(Beginning of Source material)
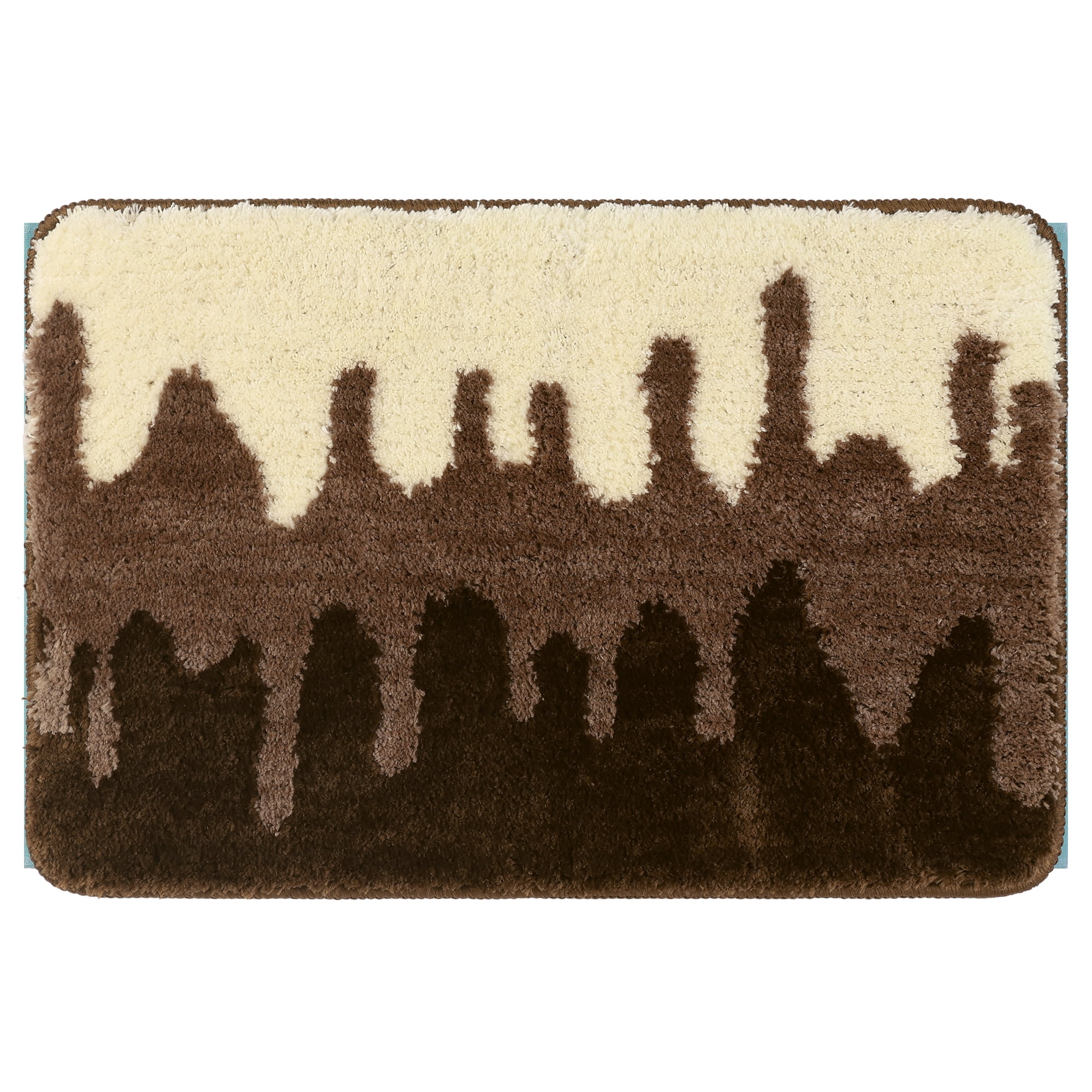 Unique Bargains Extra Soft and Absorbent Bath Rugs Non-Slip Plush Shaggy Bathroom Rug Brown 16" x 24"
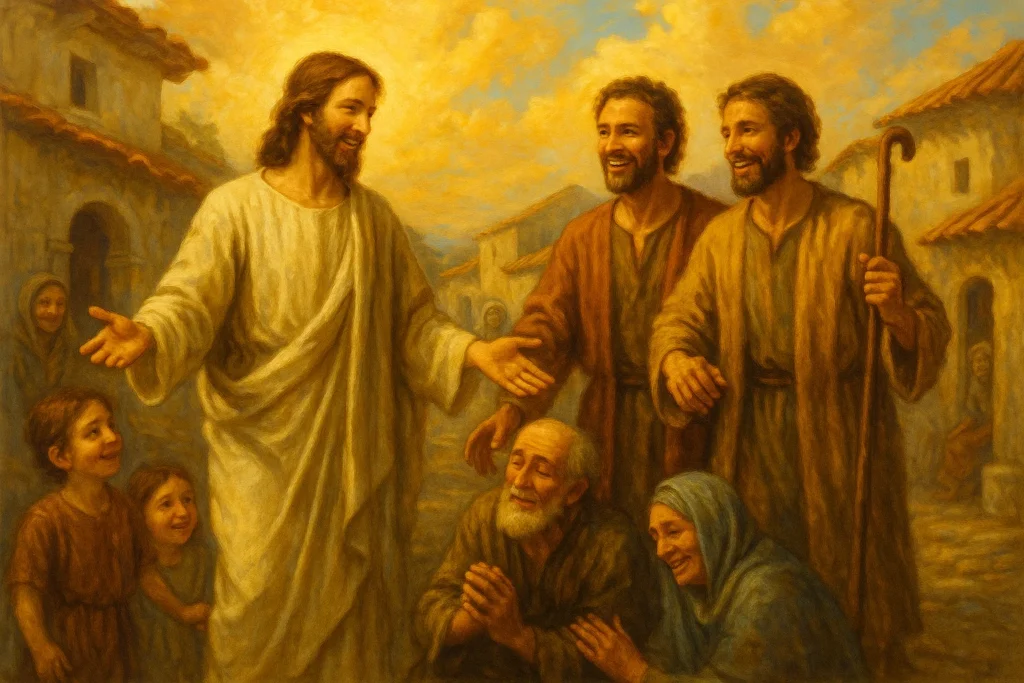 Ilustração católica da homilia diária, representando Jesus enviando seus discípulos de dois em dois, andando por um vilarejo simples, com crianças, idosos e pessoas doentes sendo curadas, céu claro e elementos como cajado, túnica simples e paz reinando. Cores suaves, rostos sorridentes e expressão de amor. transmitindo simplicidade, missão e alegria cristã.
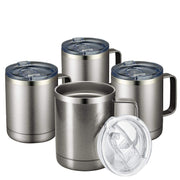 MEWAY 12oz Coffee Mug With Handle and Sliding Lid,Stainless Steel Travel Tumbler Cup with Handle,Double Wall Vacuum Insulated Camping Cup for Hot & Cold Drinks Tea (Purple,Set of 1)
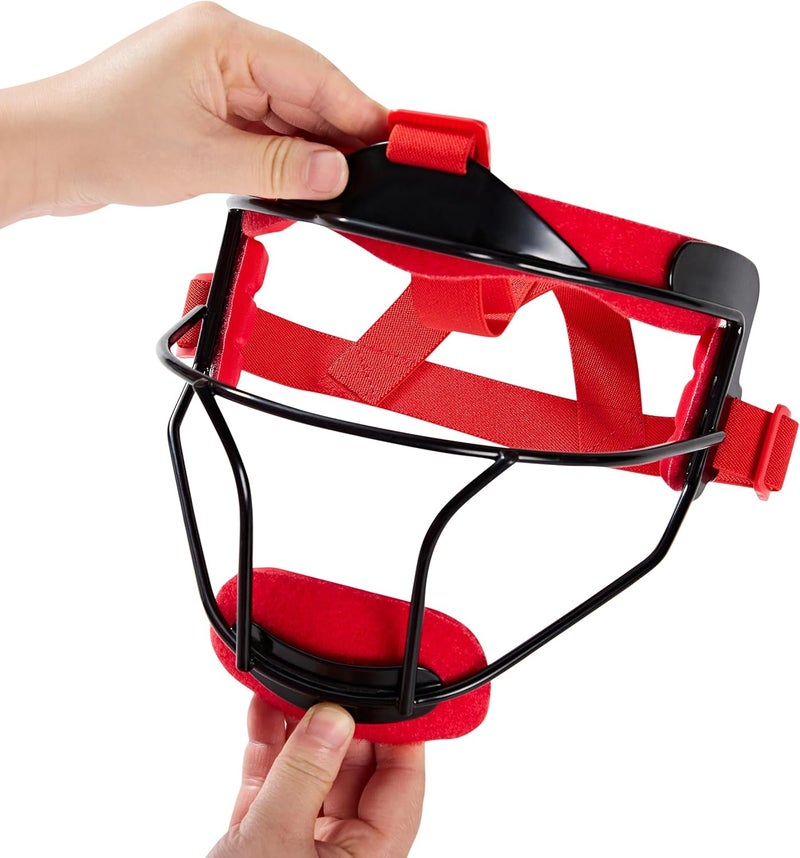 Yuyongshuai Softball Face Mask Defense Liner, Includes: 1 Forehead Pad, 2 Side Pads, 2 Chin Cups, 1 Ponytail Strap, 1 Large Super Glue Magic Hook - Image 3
(End of Source material)
■ Exercise objective:
Without the pictures, transcribe the listing exactly as it stands.

■ Finished exercise:
 Unique Bargains Extra Soft and Absorbent Bath Rugs Non-Slip Plush Shaggy Bathroom Rug Brown 16" x 24"
 Ilustração católica da homilia diária, representando Jesus enviando seus discípulos de dois em dois, andando por um vilarejo simples, com crianças, idosos e pessoas doentes sendo curadas, céu claro e elementos como cajado, túnica simples e paz reinando. Cores suaves, rostos sorridentes e expressão de amor. transmitindo simplicidade, missão e alegria cristã.
 MEWAY 12oz Coffee Mug With Handle and Sliding Lid,Stainless Steel Travel Tumbler Cup with Handle,Double Wall Vacuum Insulated Camping Cup for Hot & Cold Drinks Tea (Purple,Set of 1)
 Yuyongshuai Softball Face Mask Defense Liner, Includes: 1 Forehead Pad, 2 Side Pads, 2 Chin Cups, 1 Ponytail Strap, 1 Large Super Glue Magic Hook - Image 3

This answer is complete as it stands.